Olho para a tela e vejo San de olhos fechados, o abdômen sujo com seu sêmen. Seu peitoral subia e descia lenta e profundamente, igual ao meu. Nos olhamos cúmplices e sorrimos. Então vi ele pegar seu celular e arregalar os olhos. 

 

— Caramba, eu tenho que dar uma vídeo aula agora! – apressou em limpar a sujeira que fez em si. 

 

— Então, é professor? – perguntei me aproximando do notebook. Ele concordou com a cabeça e logo olhou para sua tela. 

 

— Você não me disse seu nome! Eu não te convenci ainda? 

 

— Olha, acho que preciso demais! – provoquei. — Que tal uma sessão real, na minha casa? 

 

— Você está mesmo convidando um desconhecido para sua casa? – arqueou uma sobrancelha. 

 

— Bom, é que esse desconhecido é gostoso para um cacete. Eu acho que vale a pena correr o risco de te ver. – ele fechou os olhos impaciente. 

 

— Eu te juro! Quando eu por minhas mãos em você, vou te educar muito bem, sua criança mimada. – sorri sapeca. Adoraria que ele me educasse. 

 

— Então, me eduque esse sábado. À noite, de preferência. – sugeri. 

 

— Me passe seu endereço, pirralha! – fiz o que ele mandou. 

 

— Te vejo sábado? 

 

— Sim!
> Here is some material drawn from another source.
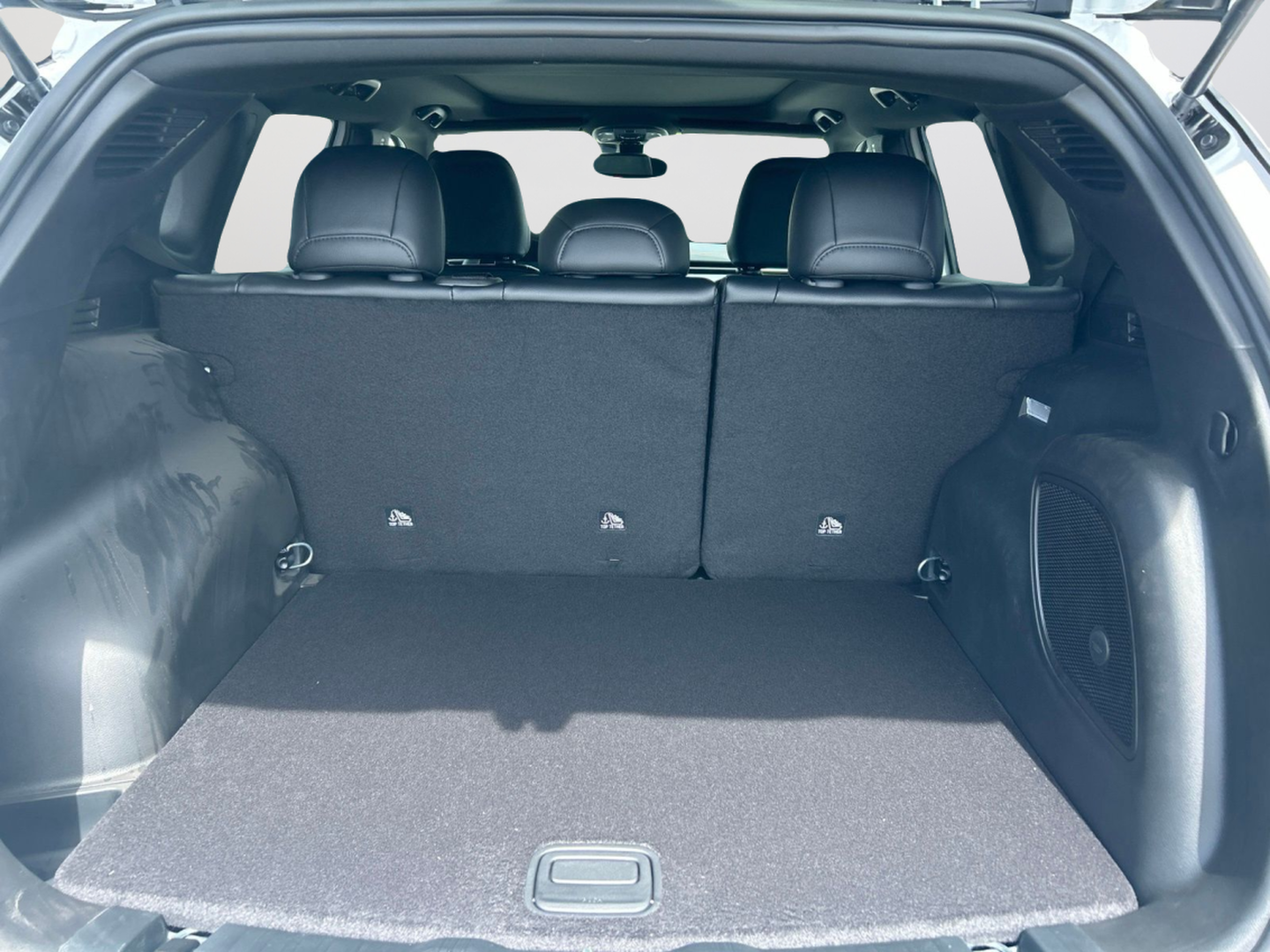 New 2026 Bright White Clearcoat Jeep  image 6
Não pense que serei bonzinho, você está merecendo uma punição. Agora tenho que ir! – acenou, dando-me tchau. 

 

— Até! – retribuo o gesto. 

 

E desligo a chamada.

 


Notas Finais


Eu espero que vocês tenham gostado, mesmo. Eu escrevi pouquíssimos contos eróticos na minha vida, então é algo que eu definitivamente tenho que melhorar.

Eu citei e fiz algumas referências a @upsett e a sua fanfic TROIS AMOREUX, que me inspirou de certa forma a escrever essa One Shot. Aproveitem e vão ler a história dela. Não vão se arrepender.
https://www.spiritfanfiction.com/historia/trois-amoureux-threesome-with-seonghwa-and-yeosang-19150475


Alguns termos citados aqui:

BDSM: a sigla consiste em uma abreviação para Bondage e Disciplina; Dominação e Submissão e Sadismo e Masoquismo. Envolve muito mais que apenas sexo na vida do praticante. Principalmente se você for BDSM 24/7 (24 horas, 7 dias na semana)
D/s: dominação e submissão. Uma relação baseada nisso se estende muito mais do que apenas sexo. Em uma relação D/s existe o total consentimento de ambas partes. Além, de existir um contrato que estipula limites e regras que os parceiros devem seguir. Vale a pena pesquisar sobre, se estiver interessado.
Masoquismo: o prazer sexual baseado na dor física da própria pessoa.
Spanking: é uma prática comum entre casais que envolve adotar um papel de dominador ou submisso para receber prazer por meio do castigo físico.
Cat'O Nine Tails: a tradução literal é gato de nove caudas. É um flogger com exatamente 9 tiras ou filamentos e geralmente com pontas mais pesadas. Se tratando de um instrumento longo, pode exigir treinamento antes de utilizar em um sub.
Flogging: surgiu da ideia de punir condenados, presos, escravos, etc… A principal característica de um flogger é que ele possui múltiplas tiras ou filamentos de material sintético, coro e etc...
Pet Play: é uma brincadeira que pode ser tanto sexual ou não. Duas pessoas desempenham dois papéis diferentes: uma atua como um animalzinho e a outra pessoa desempenha o papel de treinador.
Age Play: Ageplay é uma prática BDSM em que a sub assume uma idade menor que a sua verdadeira, normalmente se transformando em uma Baby Girl, assumindo o dom uma função paterna, de cuidador e protetor.